Quand les commissaires de par le roi de Castille entendirent et aperçurent que ils n’auroient autre réponse des Portingalois, si prirent congé, ainsi comme il appartenoit, et se partirent, et retournèrent à Séville, où ils avoient laissé le roi et son conseil, à qui et auxquels ils recordèrent toutes les réponses comme vous les avez ouïes.

Or eurent conseil le roi d’Espaigne et ses gens, quelle chose il appartenoit à faire de celle besogne. Conseillé fut que le roi de Portingal et tous ses aidans fussent défiés, et que le roi d’Espaigne avoit bonne querelle de mouvoir guerre par plusieurs raisons.
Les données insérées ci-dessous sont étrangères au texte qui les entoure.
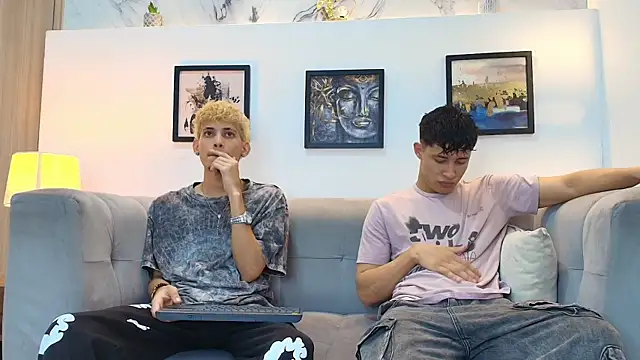 YOUNG BOYS HELL online show from 05/27/26, 02:08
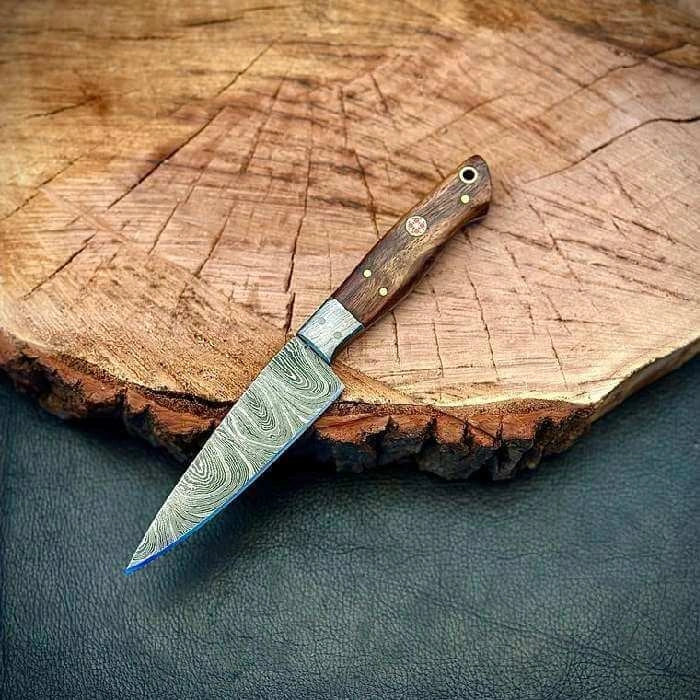 Hand Forged Damascus Steel Kitchen Knife / Chef Set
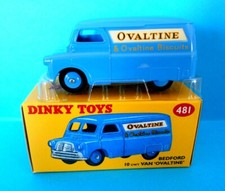 DINKY Toys 481 Bedford 10cwe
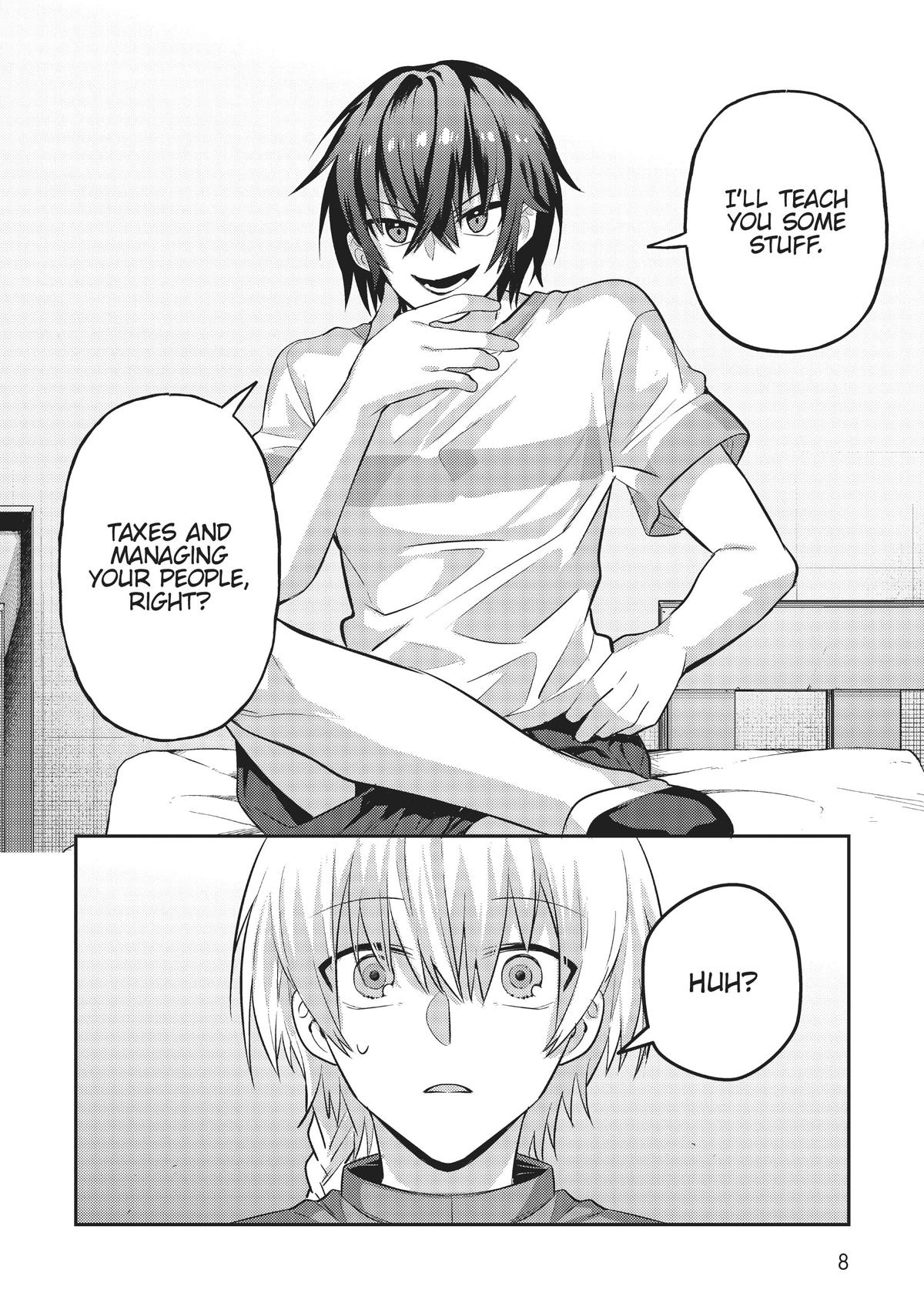 I'm the Evil Lord of an Intergalactic Empire Chapter 16 - Page 10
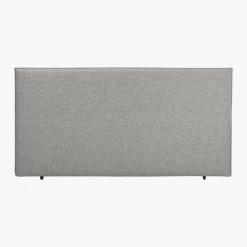 Facade Grey Tweed Queen Bed -Chic Living Shop FacadeQnBedGreyBkF13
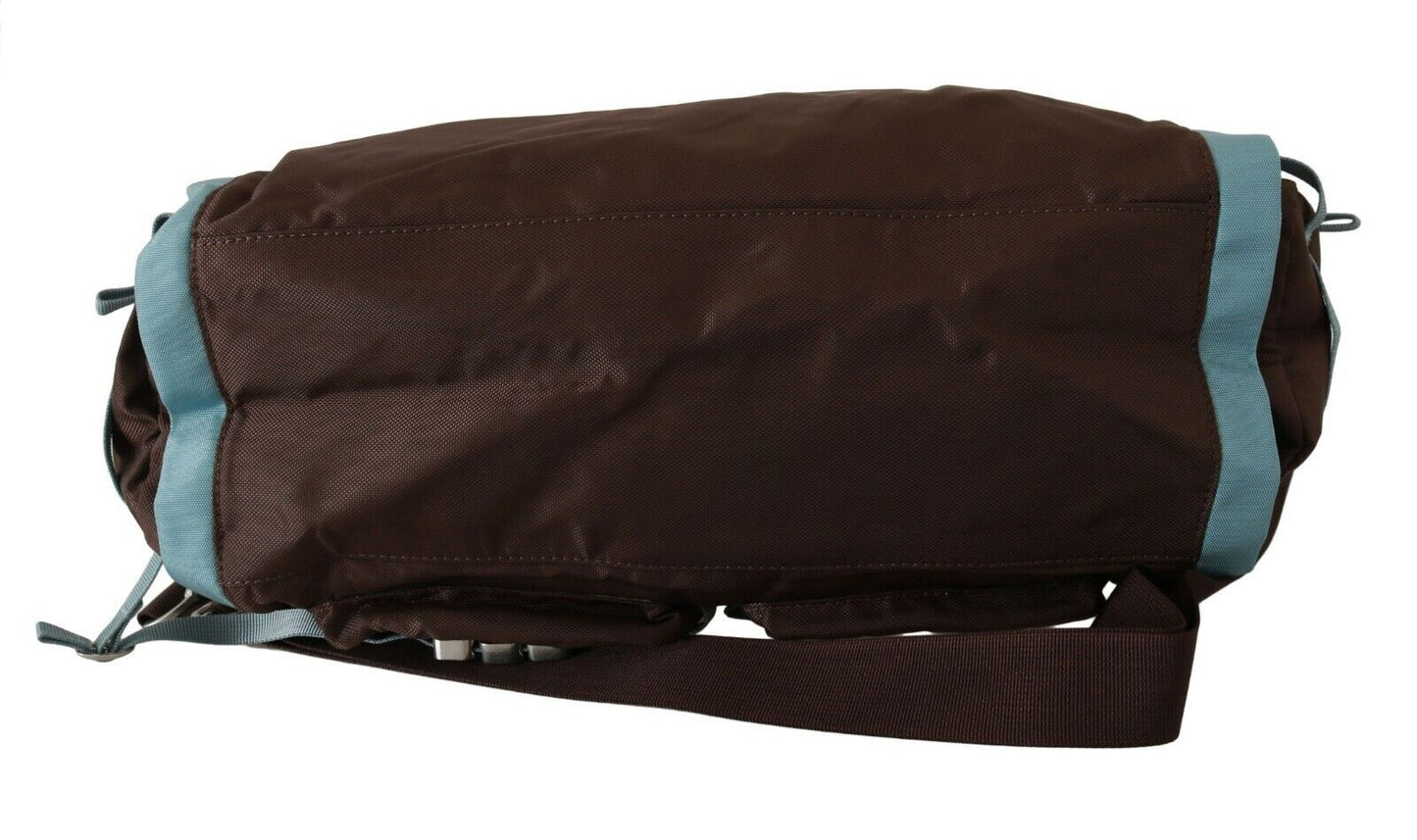 WAYFARER Braune Handtasche Duffel Reisegeldbörse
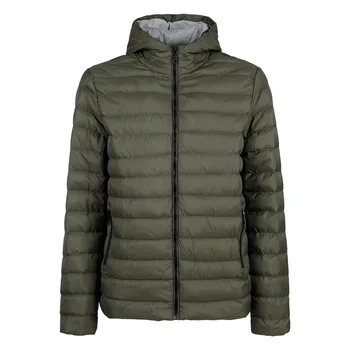 

Athl DPT hooded padded jacket-Green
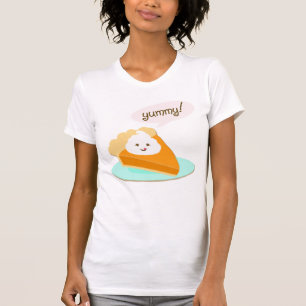 Erntedank-Herbst-Kürbis-Torten-Liebhaber-T - Shir T-Shirt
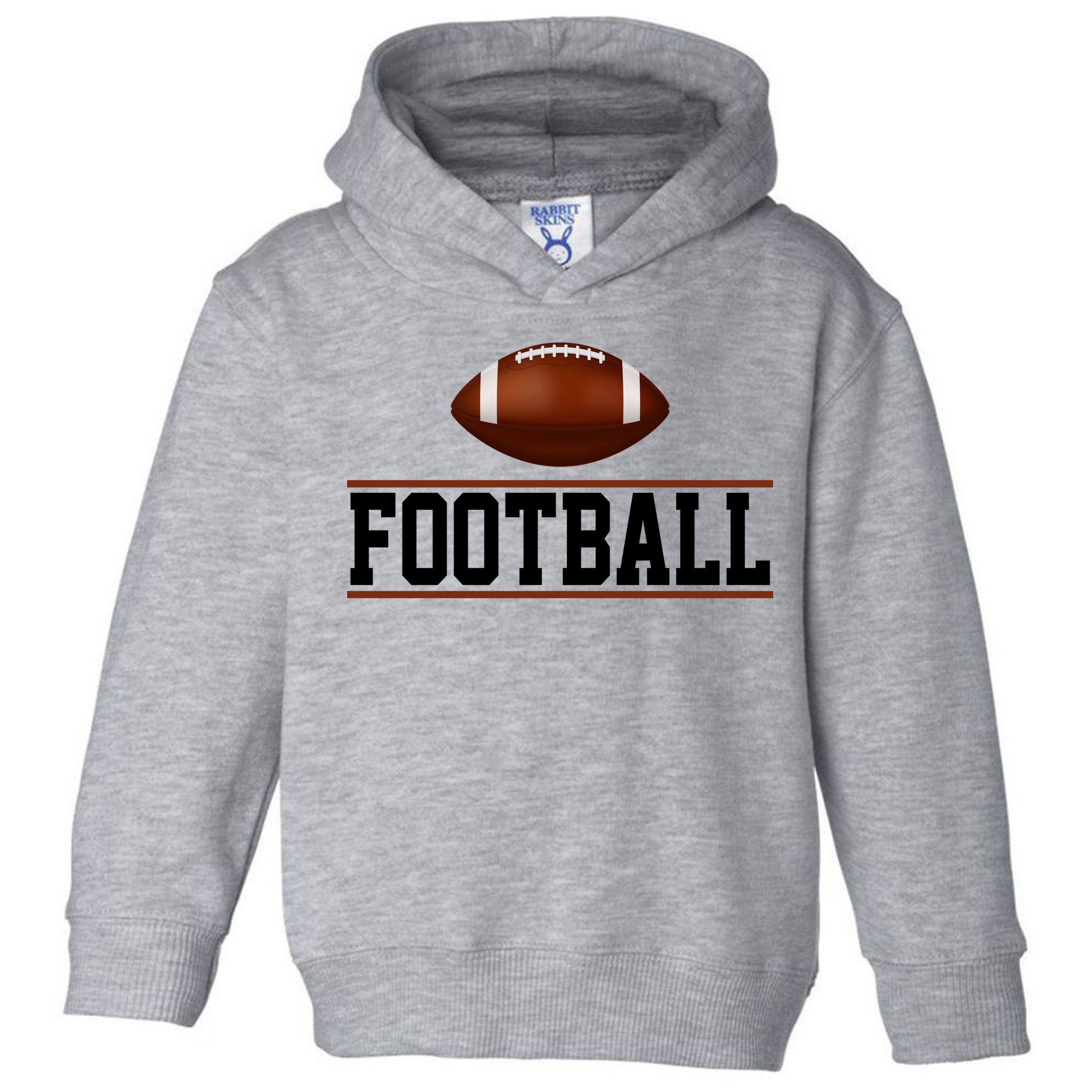 Football Lover Sport Hobby Toddler Hoodie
Lors fit le roi Jean de Castille défier le roi de Portingal et tous ses aidans ; et fit le roi de Castille grand mandement. Et dit que il viendroit mettre le siége devant la cité de Lussebonne, et ne se partiroit tant qu’il l’auroit, car ils avoient répondu orgueilleusement ; si leur feroit cher comparer, si il les pouvoit mettre à merci. Adonc s’en vint le roi de Castille à toute sa puissance, à Saint-Yrain, où son mandement étoit.

En ce temps fut chassé et mis hors de sa cour un chevalier de Castille qui s’appeloit messire Navaret[4], et si le roi l’eût tenu en son courroux il lui eût fait trancher la tête. Le chevalier fut informé de celle affaire, car il ot bons amis en voie ; si vida le royaume de Castille et vint à Lussebonne devers le roi de Portingal, qui ot de sa venue grand’joie et le retint des siens, et le fit capitaine de ses chevaliers ; et porta depuis grand dommage aux Espaignols.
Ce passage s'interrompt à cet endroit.